Extracted data Start Marker

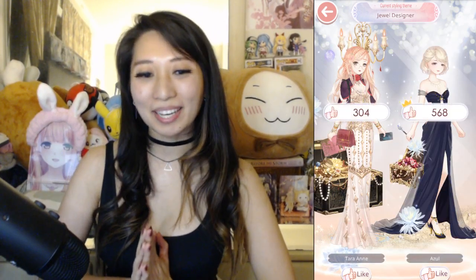Hey everyone, it's Viv again coming at you from the power of the internet. Today I'm going to do something a little different — I'm going to do my very first Loot Crate unboxing. I am so excited.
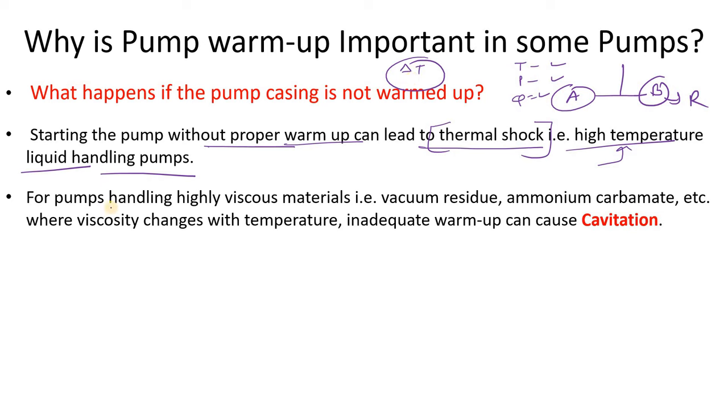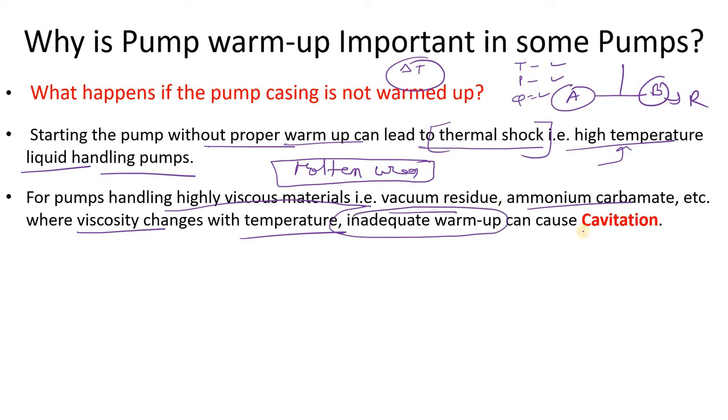The second issue concerns pumps handling highly viscous liquids — for example, molten urea. From personal experience, if you do not warm up the standby molten urea pump, your pump bearing, pump seal, and pump casing can be damaged. Other examples include the vacuum residue pump and ammonium carbamate pump — pumps where viscosity changes significantly with temperature.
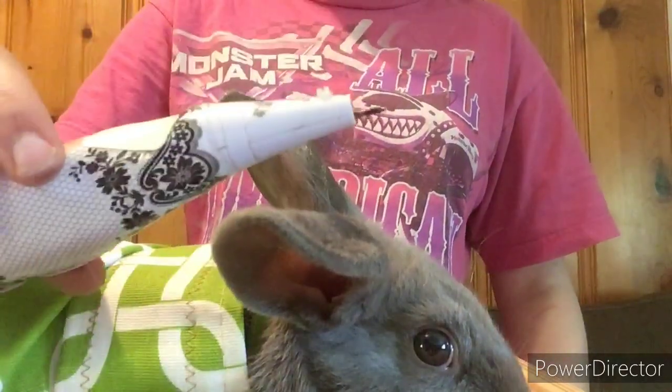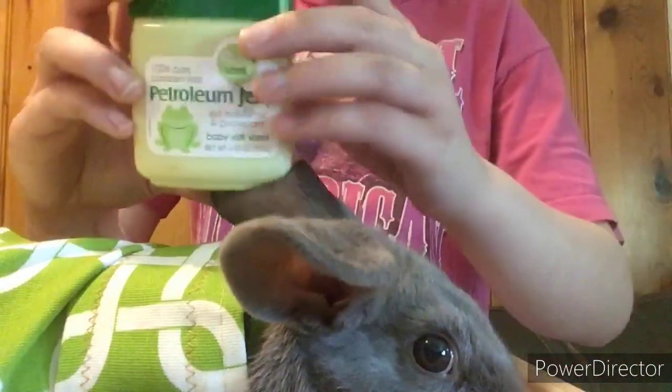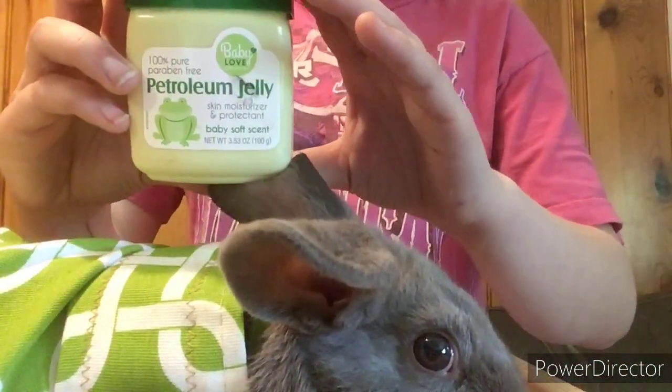The things you will need are a tattoo gun, some numbing spray, some ink — we are using Black Magic — a container for the ink, some petroleum jelly for after you tattoo the rabbit's ear, a rabbit, and a wrap to keep your rabbit in.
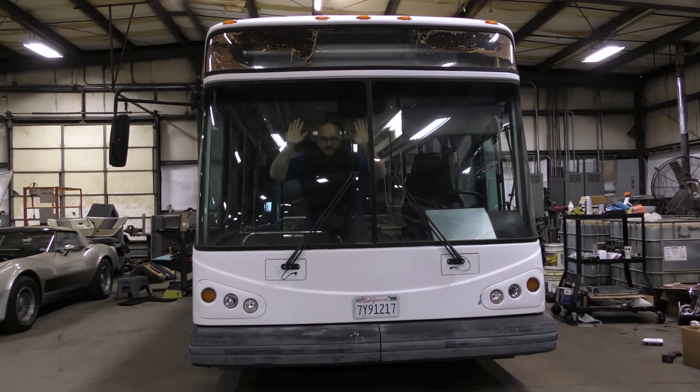Welcome back to the Wizards Bus. I'm inside the bus and we got lots of updates. They're small updates, but lots of them. Let's go take a look at what we found out and what we have yet to do. Let's get started.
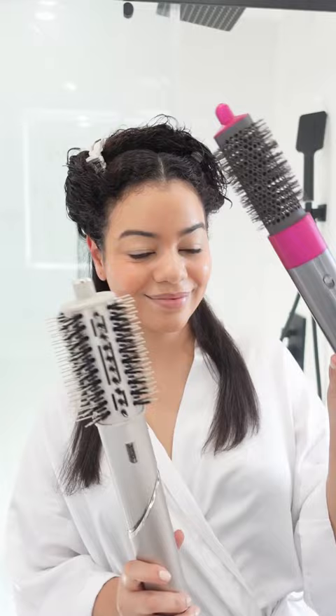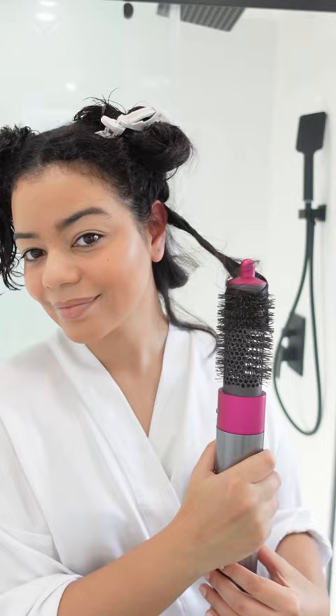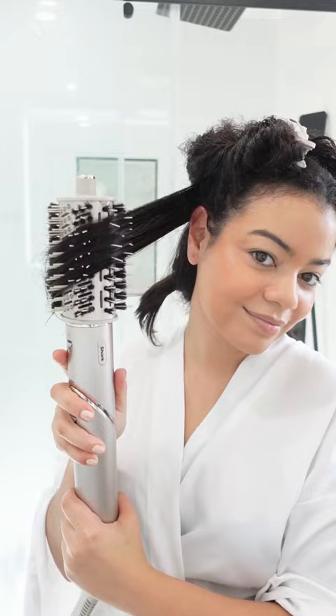Now I'm gonna go in with the round brush attachments. This round brush attachment is not my favorite from Dyson — it's too small and it takes me forever to dry my hair with this attachment — but the Shark one is amazing and I totally recommend it. It gave me a quick dry.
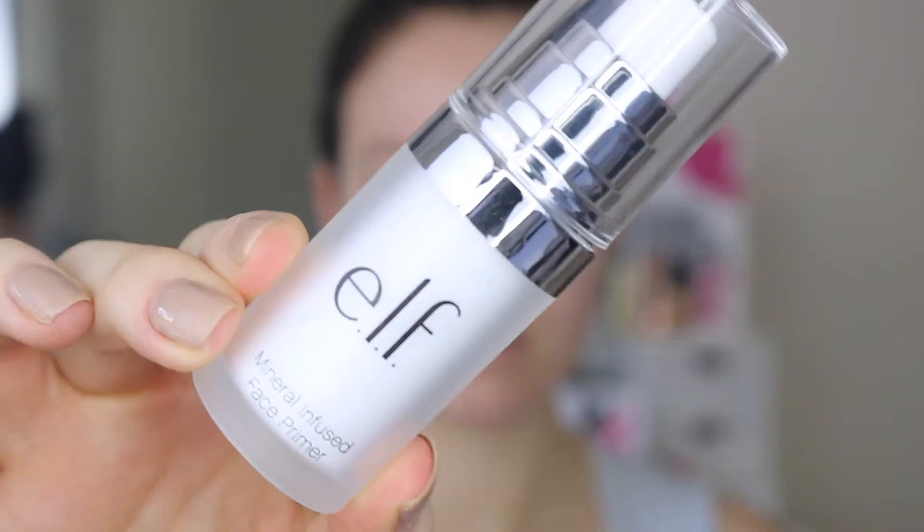Hi guys, we're just going to jump straight into this kind of first impressions, starting off with the e.l.f. Mineral Infused Face Primer.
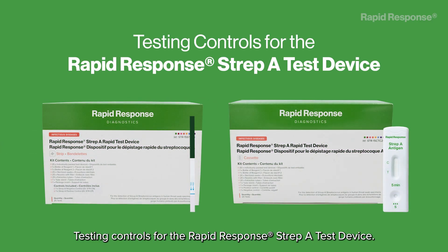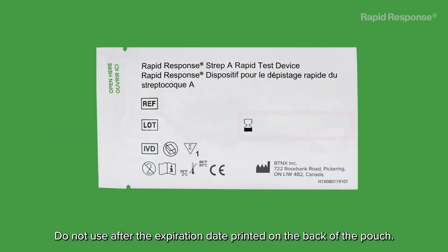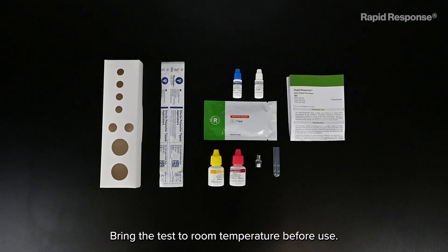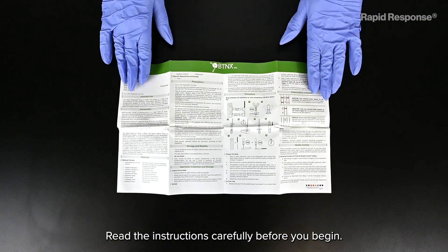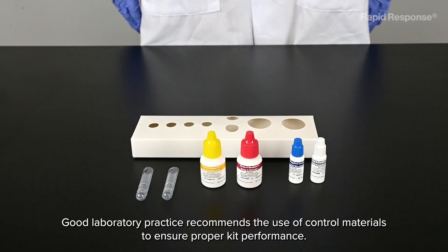Testing controls for the Rapid Response Strep A test device. Humidity and temperature can affect results. Do not use after the expiration date printed on the back of the pouch. Do not use the test if the foil pouch is damaged. Bring the test to room temperature before use and read the instructions carefully before you begin.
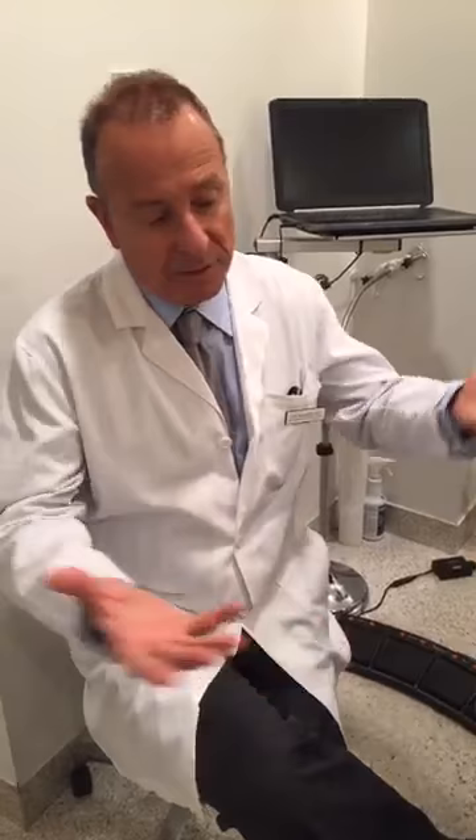Are there any other places you can get this injection? Yes, we do a lot on the face — around the temple area. We do it in the breasts sometimes, after augmentation mammoplasty or after having children, when you develop a lot of superficial veins on the breast. And the rest, of course, is the legs. Occasionally you have a vein in the belly or in the back, but that's very exceptional. Normally it's the legs and the hands.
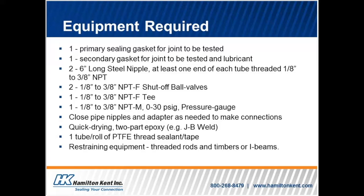Additional equipment includes: two six-inch long steel nipples, with at least one end of each tube threaded one-eighth of an inch to three-eighths of an inch NPT; two one-eighth to three-eighths of an inch NPT-F shutoff ball valves; one one-eighth to three-eighths of an inch NPT-F T-fitting; one one-eighth to three-eighths of an inch NPT-M 0–30 PSIG pressure gauge; close pipe nipples and adapters as needed to make connections; quick-drying two-part epoxy such as JB Weld; one tube and roll of PTFE threaded sealant and tape; and restraining equipment such as threaded rods and timbers or I-beams.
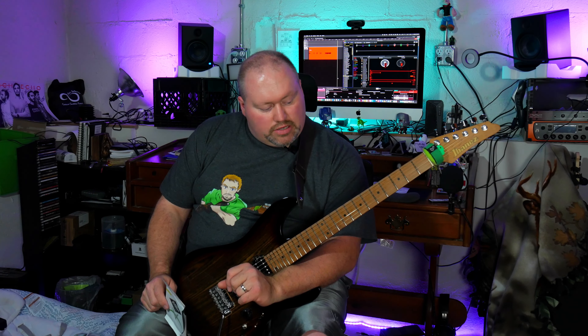I really like these strings. You can't even tell they're coated, but they have a nice smooth feel, like many coated strings out there, and they don't have that stickiness to them. So I really like that about these.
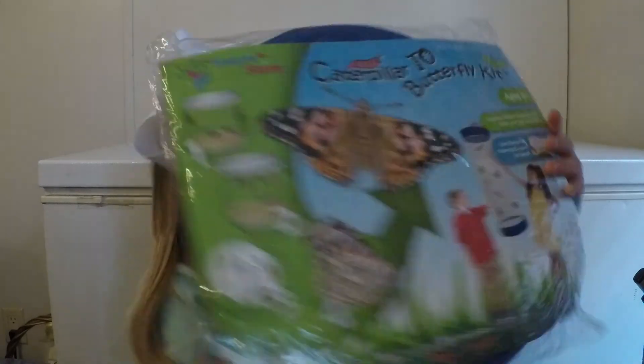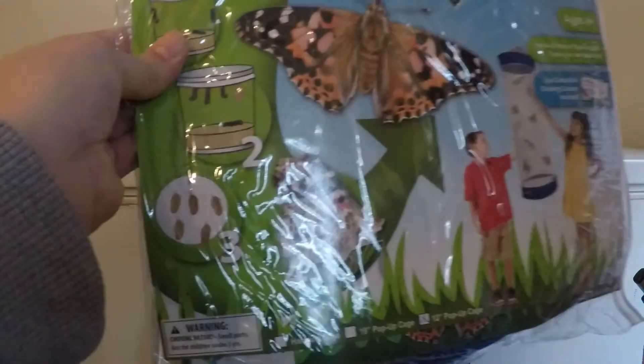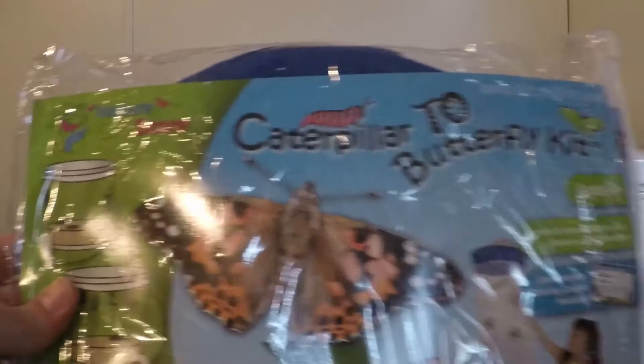Hi, Raina. Hi, Mommy. Do you want to let everyone know what Pop and Gigi got you for Easter? What did they get you? A butterfly kit. A butterfly kit — wow, that's awesome! So this butterfly kit came with a 12-inch pop-up cage, and it is to grow your own butterflies.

Extracted data End Marker

Could you transcribe all of the data exactly and omit the pictures?

Hey everyone, it's Viv again coming at you from the power of the internet. Today I'm going to do something a little different — I'm going to do my very first Loot Crate unboxing. I am so excited.
The second issue concerns pumps handling highly viscous liquids — for example, molten urea. From personal experience, if you do not warm up the standby molten urea pump, your pump bearing, pump seal, and pump casing can be damaged. Other examples include the vacuum residue pump and ammonium carbamate pump — pumps where viscosity changes significantly with temperature.
The things you will need are a tattoo gun, some numbing spray, some ink — we are using Black Magic — a container for the ink, some petroleum jelly for after you tattoo the rabbit's ear, a rabbit, and a wrap to keep your rabbit in.
Welcome back to the Wizards Bus. I'm inside the bus and we got lots of updates. They're small updates, but lots of them. Let's go take a look at what we found out and what we have yet to do. Let's get started.
Now I'm gonna go in with the round brush attachments. This round brush attachment is not my favorite from Dyson — it's too small and it takes me forever to dry my hair with this attachment — but the Shark one is amazing and I totally recommend it. It gave me a quick dry.
Hi guys, we're just going to jump straight into this kind of first impressions, starting off with the e.l.f. Mineral Infused Face Primer.
Testing controls for the Rapid Response Strep A test device. Humidity and temperature can affect results. Do not use after the expiration date printed on the back of the pouch. Do not use the test if the foil pouch is damaged. Bring the test to room temperature before use and read the instructions carefully before you begin.
Are there any other places you can get this injection? Yes, we do a lot on the face — around the temple area. We do it in the breasts sometimes, after augmentation mammoplasty or after having children, when you develop a lot of superficial veins on the breast. And the rest, of course, is the legs. Occasionally you have a vein in the belly or in the back, but that's very exceptional. Normally it's the legs and the hands.
Additional equipment includes: two six-inch long steel nipples, with at least one end of each tube threaded one-eighth of an inch to three-eighths of an inch NPT; two one-eighth to three-eighths of an inch NPT-F shutoff ball valves; one one-eighth to three-eighths of an inch NPT-F T-fitting; one one-eighth to three-eighths of an inch NPT-M 0–30 PSIG pressure gauge; close pipe nipples and adapters as needed to make connections; quick-drying two-part epoxy such as JB Weld; one tube and roll of PTFE threaded sealant and tape; and restraining equipment such as threaded rods and timbers or I-beams.
I really like these strings. You can't even tell they're coated, but they have a nice smooth feel, like many coated strings out there, and they don't have that stickiness to them. So I really like that about these.
Hi, Raina. Hi, Mommy. Do you want to let everyone know what Pop and Gigi got you for Easter? What did they get you? A butterfly kit. A butterfly kit — wow, that's awesome! So this butterfly kit came with a 12-inch pop-up cage, and it is to grow your own butterflies.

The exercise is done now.